Miguel Coral - "O Ritmo do Sistema"

No começo do século XX, com a consolidação da Revolução Industrial e do sistema capitalista, a otimização da produção fez-se necessária. O estadunidense Henry Ford foi o primeiro a implementar em sua indústria, Ford Motor Company, um sistema de produção baseado na montagem em série. A padronização das peças, a mecanização e a especialização da mão-de-obra proporcionaram o que se procurava: maior produção e menor custo.

Começava aí a alienação dos trabalhadores quanto ao que era produzido. O conhecimento das etapas da produção de carros, no caso da indústria Ford, já não os interessava mais, sua função agora era lidar com as novas máquinas, que de maneira ou outra substituíam a manufatura.

Na mesma época Frederick Taylor, por constatar a ineficiência de alguns trabalhadores na realização de certas tarefas, propõe a teoria da administração científica. Defendia a análise de tempo e movimentos necessários para qualquer empreitada, alta divisão e especialização, e incentivos salariais para os trabalhadores mais produtivos. Surgia assim, e funciona até os dias de hoje, salvo algumas exceções, a linha de montagem.

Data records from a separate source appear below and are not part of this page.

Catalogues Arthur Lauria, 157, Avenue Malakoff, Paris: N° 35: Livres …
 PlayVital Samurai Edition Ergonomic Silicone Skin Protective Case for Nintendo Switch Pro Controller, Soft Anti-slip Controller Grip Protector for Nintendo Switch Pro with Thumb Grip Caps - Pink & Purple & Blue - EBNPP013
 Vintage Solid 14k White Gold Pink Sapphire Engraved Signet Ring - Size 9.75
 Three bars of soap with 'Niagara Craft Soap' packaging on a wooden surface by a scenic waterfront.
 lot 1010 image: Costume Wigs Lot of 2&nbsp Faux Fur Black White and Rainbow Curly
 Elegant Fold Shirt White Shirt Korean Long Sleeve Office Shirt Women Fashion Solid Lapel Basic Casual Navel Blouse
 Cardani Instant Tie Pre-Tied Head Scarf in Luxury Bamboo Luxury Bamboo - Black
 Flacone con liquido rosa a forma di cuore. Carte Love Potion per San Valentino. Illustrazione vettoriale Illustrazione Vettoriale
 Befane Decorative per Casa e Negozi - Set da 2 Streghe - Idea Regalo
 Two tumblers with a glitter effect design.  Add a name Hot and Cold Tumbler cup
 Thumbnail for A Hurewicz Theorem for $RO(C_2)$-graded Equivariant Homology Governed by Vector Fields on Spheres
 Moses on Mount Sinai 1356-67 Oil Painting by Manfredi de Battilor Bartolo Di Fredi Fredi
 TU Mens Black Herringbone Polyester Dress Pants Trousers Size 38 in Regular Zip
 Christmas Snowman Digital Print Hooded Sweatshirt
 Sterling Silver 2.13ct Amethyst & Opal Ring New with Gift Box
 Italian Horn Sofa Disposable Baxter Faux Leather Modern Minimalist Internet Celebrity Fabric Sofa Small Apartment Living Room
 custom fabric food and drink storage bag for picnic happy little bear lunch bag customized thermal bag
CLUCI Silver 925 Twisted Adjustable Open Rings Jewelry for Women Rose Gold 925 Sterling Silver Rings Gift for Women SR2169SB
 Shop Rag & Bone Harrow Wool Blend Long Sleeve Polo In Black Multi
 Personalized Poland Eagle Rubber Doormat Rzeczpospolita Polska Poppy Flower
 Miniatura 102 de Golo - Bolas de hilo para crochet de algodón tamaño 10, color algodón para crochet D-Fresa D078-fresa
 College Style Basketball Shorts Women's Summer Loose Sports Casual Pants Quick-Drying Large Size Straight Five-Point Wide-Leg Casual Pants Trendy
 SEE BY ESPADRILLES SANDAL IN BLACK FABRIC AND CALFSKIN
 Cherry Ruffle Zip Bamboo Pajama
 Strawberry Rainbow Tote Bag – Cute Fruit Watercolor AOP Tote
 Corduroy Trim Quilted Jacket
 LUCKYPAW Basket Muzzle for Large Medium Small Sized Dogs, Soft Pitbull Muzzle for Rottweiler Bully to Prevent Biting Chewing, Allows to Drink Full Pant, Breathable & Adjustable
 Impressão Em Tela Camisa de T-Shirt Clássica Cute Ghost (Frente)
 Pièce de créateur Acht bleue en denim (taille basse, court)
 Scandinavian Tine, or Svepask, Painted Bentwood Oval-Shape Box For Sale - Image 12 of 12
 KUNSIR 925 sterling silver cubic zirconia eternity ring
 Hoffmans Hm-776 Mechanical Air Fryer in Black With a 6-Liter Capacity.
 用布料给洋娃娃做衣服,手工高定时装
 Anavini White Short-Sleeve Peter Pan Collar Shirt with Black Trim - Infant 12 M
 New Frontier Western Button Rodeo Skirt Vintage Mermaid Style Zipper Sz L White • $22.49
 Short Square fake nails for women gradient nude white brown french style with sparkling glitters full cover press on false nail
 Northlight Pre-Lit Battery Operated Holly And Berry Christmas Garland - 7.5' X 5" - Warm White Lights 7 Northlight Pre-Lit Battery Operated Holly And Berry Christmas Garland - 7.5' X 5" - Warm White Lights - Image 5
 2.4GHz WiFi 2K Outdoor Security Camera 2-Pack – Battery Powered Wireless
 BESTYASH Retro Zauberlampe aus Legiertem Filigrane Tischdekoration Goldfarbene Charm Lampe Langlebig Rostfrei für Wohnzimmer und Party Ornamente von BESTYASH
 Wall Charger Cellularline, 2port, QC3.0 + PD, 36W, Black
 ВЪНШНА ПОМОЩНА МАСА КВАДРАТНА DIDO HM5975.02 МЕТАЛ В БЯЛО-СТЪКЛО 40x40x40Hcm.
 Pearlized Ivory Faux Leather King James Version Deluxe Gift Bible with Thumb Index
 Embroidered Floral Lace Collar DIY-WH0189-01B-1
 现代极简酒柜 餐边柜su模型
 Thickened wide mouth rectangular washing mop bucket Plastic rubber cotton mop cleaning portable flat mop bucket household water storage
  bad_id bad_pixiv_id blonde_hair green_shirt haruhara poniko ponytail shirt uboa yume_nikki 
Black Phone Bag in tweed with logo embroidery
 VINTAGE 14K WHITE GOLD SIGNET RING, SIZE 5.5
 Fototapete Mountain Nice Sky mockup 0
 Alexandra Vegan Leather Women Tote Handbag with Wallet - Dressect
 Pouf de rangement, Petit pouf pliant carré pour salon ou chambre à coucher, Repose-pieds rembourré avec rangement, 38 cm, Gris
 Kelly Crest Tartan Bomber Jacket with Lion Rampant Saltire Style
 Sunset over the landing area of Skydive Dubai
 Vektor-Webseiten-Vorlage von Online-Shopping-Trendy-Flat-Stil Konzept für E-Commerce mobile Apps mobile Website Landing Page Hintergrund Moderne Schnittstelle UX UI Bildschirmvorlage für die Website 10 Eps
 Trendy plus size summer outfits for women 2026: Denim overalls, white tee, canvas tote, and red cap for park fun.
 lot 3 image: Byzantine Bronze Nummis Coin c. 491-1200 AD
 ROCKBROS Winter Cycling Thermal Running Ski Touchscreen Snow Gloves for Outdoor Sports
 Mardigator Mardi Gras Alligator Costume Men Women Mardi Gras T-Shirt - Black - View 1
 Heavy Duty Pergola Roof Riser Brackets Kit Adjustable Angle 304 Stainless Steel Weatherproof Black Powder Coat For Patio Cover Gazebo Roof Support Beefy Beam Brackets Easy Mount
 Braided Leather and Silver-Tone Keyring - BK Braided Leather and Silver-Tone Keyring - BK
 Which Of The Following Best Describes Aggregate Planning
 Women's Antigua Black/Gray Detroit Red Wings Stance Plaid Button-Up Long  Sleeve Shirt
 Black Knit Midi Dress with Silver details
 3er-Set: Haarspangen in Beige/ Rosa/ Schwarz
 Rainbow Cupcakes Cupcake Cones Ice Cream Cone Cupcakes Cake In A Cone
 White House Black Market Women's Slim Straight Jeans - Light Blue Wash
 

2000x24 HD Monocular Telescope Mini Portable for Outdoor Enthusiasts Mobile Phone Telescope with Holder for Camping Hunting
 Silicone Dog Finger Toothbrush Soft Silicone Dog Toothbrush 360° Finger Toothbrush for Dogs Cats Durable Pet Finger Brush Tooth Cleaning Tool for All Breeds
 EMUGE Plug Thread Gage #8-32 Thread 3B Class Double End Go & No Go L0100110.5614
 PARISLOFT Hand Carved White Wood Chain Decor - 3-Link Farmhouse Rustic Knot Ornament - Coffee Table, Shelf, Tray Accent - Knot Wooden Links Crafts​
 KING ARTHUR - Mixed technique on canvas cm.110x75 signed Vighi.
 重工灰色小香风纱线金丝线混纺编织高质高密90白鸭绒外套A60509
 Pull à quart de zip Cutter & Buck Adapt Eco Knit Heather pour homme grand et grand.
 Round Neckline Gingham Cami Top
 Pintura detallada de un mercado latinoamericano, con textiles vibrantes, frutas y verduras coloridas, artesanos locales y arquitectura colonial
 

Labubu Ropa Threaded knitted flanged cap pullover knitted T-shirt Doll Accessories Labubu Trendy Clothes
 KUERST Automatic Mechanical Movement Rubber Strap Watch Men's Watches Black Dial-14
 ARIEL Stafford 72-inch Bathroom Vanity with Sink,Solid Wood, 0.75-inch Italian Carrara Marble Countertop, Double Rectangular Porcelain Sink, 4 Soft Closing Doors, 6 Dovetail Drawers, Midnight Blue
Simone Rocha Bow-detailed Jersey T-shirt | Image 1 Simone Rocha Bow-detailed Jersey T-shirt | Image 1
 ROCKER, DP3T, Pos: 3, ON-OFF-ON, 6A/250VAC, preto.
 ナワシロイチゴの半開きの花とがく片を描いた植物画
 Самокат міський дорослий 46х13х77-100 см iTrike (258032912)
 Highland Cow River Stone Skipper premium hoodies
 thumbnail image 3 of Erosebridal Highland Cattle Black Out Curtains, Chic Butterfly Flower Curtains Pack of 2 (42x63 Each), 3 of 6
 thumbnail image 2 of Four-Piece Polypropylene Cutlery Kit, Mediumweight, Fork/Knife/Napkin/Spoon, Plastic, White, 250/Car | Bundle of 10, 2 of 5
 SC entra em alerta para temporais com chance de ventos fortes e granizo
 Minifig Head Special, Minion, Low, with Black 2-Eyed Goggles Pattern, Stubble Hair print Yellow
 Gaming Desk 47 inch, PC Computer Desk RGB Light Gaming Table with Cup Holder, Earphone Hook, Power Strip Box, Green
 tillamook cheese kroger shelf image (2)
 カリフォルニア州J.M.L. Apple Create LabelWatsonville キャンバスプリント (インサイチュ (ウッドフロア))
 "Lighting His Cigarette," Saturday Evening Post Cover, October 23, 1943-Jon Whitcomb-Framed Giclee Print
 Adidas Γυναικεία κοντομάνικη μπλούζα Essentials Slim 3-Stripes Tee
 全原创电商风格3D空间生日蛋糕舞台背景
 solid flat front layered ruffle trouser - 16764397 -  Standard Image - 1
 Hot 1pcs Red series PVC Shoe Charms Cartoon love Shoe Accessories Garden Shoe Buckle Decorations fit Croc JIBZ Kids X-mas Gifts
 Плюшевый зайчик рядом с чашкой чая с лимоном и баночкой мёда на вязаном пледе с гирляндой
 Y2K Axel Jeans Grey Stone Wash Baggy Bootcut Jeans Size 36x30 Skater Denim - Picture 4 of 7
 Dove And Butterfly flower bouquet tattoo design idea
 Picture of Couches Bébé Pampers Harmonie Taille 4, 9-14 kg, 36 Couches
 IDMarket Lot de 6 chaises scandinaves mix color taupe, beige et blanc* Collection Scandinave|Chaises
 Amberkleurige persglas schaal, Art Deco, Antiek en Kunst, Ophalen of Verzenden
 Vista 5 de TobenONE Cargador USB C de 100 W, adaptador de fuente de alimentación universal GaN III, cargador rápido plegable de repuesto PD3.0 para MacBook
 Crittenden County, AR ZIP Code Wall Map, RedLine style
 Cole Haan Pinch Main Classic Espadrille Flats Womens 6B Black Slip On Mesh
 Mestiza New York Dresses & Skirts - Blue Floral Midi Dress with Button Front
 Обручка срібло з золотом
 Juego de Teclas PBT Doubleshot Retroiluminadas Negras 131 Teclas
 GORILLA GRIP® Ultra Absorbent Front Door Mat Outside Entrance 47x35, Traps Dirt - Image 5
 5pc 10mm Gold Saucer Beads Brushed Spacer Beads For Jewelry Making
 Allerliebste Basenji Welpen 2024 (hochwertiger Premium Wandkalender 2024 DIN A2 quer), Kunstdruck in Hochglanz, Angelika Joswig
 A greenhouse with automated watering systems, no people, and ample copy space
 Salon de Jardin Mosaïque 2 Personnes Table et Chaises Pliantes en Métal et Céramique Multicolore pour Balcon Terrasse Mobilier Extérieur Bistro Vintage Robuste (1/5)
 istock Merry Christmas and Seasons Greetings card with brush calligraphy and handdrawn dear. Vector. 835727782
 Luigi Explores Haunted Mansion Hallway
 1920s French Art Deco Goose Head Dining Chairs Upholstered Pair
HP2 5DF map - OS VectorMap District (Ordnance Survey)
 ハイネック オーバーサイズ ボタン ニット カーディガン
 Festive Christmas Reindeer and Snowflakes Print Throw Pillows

Tal qual algoz dos operários, as grandes indústrias dominam suas vidas.

(Miguel Nardi Coral - 15h)

Sidney Dore - "O Ritmo do Sistema"

A sociedade pós Fordista.

A sociedade sofreu mudanças de acordo com os avanços da indústria, que por sua vez, também sofreu conseqüências pelas influências da sociedade. Essas mudanças refletem no consumo, na produtividade e na demanda , transformando hábitos , costumes e a cultura propriamente dita.

O Fordismo que tinha por base a linha de produção em massa, o controle do tempo e das atividades mecânicas(assim como todas as etapas da produção), viu uma chance de progredir com a ascensão da burguesia e das novas tecnologias, que seguiam juntas com o poder da informação e fazia crescer a sociedade de consumo.

A sociedade de consumo ia surgindo, e a demanda crescia constantemente , logo deveria haver uma flexibilização dessa produção, estipulando funções específicas para cada trabalhador, resultando na especialização do trabalho assim como sua padronização para redução de custos.

Após o ápice do fordismo no pós segunda guerra , essa necessidade de flexibilização da produção.foi surgindo , até que esse modelo decaiu dando lugar ao toytismo e mais adiante taylorismo. Esses modelos que surgiram tinham maior relação ainda com a sociedade de consumo e seus status quo; o primeiro se baseava no controle total do tempo para que não houvesse desperdício , fortalecendo a estocagem e a superprodução: o segundo caracteriza a abertura nos anos 90 para linha de fast foods e ao telemarketing com a padronização das atividades e suas funções específicas.